--- RECORDS FOR THE EXERCISE ---

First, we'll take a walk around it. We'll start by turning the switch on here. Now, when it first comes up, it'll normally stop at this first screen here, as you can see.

---
--- RECORDS FOR THE EXERCISE ---

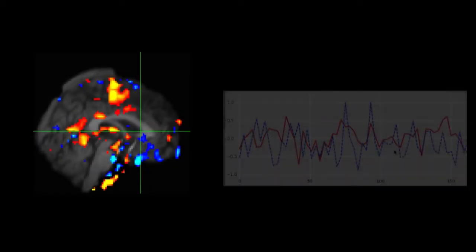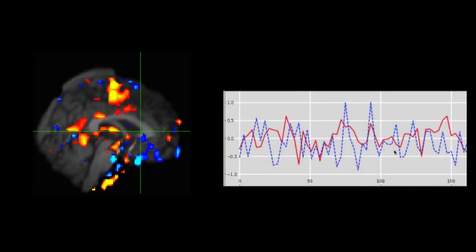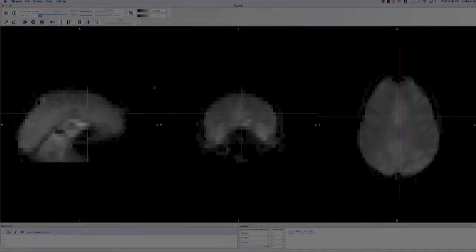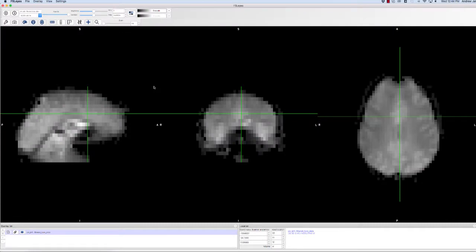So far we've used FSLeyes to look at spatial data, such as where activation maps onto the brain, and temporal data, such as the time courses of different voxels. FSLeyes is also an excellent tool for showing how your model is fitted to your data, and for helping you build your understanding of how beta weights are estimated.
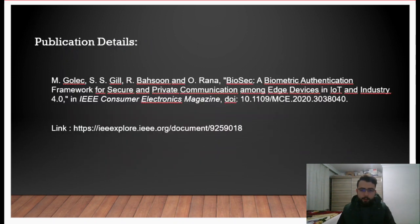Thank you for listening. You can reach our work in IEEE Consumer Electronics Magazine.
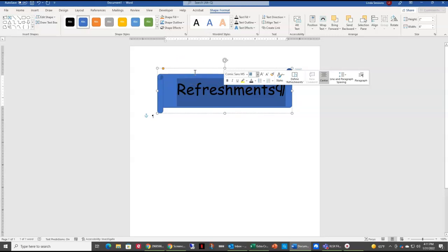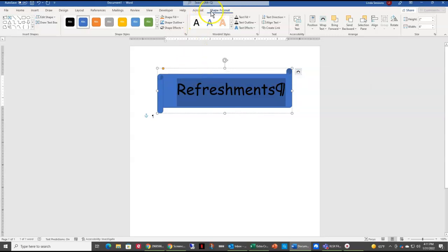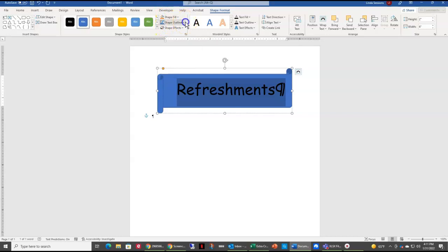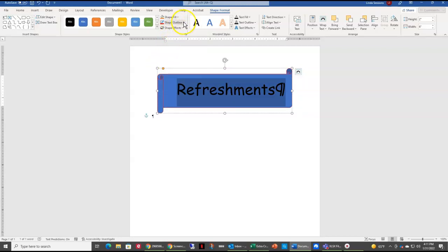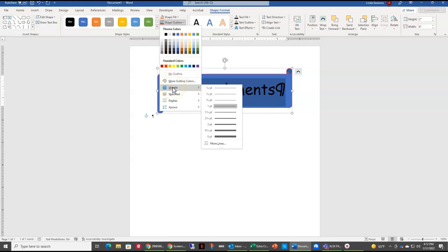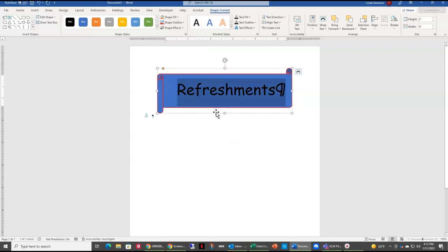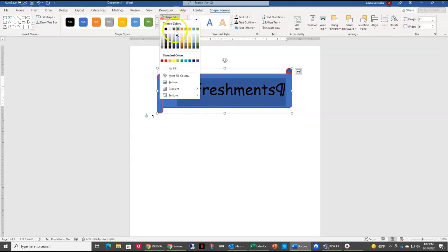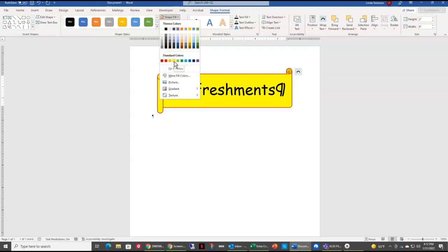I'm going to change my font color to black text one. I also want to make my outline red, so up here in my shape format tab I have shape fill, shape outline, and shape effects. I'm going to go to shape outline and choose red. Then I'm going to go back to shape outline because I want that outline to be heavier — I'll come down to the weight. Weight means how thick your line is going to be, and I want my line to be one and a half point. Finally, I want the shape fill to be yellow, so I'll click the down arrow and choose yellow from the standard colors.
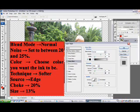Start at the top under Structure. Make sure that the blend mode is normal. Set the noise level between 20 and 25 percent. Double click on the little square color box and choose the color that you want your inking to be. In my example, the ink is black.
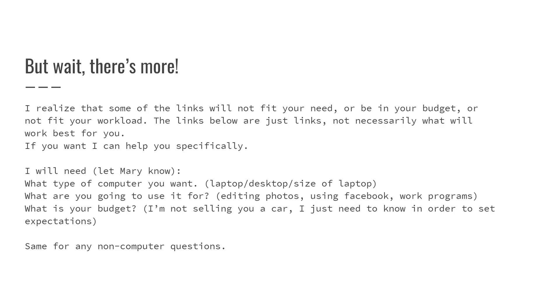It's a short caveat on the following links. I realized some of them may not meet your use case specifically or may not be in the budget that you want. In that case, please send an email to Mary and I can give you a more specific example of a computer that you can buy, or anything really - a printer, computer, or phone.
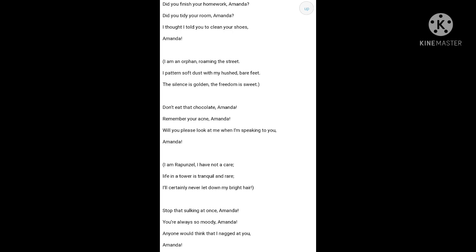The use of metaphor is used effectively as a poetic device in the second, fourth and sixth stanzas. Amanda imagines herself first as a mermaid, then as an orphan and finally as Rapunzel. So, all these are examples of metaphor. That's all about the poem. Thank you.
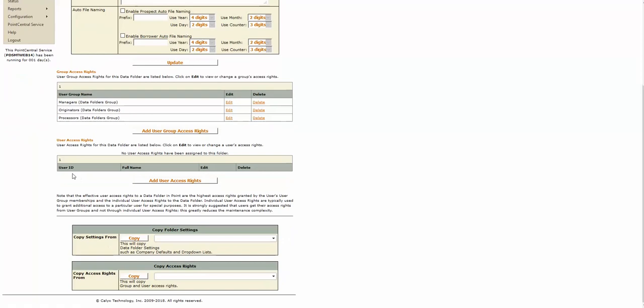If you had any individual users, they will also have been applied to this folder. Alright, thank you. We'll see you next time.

---

Set down, exactly as written above, each line from the one with "Thank you for" through the one with "I'm going to change", and skip the pictures.

Thank you for listening. You can reach our work in IEEE Consumer Electronics Magazine.
I'm going to change my font color to black text one. I also want to make my outline red, so up here in my shape format tab I have shape fill, shape outline, and shape effects. I'm going to go to shape outline and choose red. Then I'm going to go back to shape outline because I want that outline to be heavier — I'll come down to the weight. Weight means how thick your line is going to be, and I want my line to be one and a half point. Finally, I want the shape fill to be yellow, so I'll click the down arrow and choose yellow from the standard colors.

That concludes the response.